Both the state and federal government have set high benchmarks for student achievement without providing adequate funding. Oregon high school graduation requirements have steadily increased. The 2005 Legislature mandated four years of English and three years of math. Increased requirements in science, foreign language and social studies will be considered.

Federal mandates are chronically underfunded. Two decades ago, the federal government promised to pay up to 40 percent of special education costs mandated under the Individuals with Disabilities Education Act, yet it actually funds only 17 percent while still expecting schools to meet these requirements.

In short, Oregon's schools have been buried under a growing pile of spending "shoulds" and "shalls," while per-student funding levels have been flat for a decade.

In Oregon, we have set quality goals for education, and we have defined what it costs to meet them.

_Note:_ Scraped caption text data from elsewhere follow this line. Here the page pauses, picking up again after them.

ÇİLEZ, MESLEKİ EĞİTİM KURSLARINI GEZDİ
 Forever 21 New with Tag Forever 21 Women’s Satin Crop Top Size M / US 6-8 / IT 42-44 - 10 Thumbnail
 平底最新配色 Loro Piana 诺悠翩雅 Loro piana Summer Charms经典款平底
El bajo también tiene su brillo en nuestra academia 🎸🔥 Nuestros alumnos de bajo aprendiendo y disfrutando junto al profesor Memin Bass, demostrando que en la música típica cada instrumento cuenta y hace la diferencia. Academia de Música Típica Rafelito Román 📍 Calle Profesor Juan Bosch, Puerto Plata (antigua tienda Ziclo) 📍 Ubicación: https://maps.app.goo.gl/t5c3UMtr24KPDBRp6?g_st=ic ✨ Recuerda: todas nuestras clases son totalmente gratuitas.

A legislative committee has just delivered the state's annual report on the adequacy of education funding. Its findings are no surprise - state funding falls far short of what is needed to meet our education goals. Worse yet, we are losing ground. Since 2001-02, the gap between resources and goals has grown.

Does it make sense to continue to skimp on education and expect a bright economic future for Oregon? We think not.

Does it make sense to do nothing? Again, we think not. Rather, we believe that we have an obligation to act, and the courts may well be the last recourse for Oregon's schools and students. We hope that victory in this legal challenge will be for every student to receive the "world-class education" that we set in statute in 1991, and to be able to meet the quality standards the voters overwhelmingly supported with the passage of Measure 1 in 2000.

It is at our own peril that we continue to ignore the school funding problem. Providing schools with the funding needed to meet our state's quality education goals is the only way to ensure the future prosperity of our students and of all Oregonians.

Dean Livelybrooks is a member of the Crow-Applegate-Lorane School Board. Beth Gerot is a member of the Eugene School Board. Art Johnson, a Eugene attorney who serves on the board of the foundation that filed the lawsuit in support of adequate school funding, joined them in preparing this column.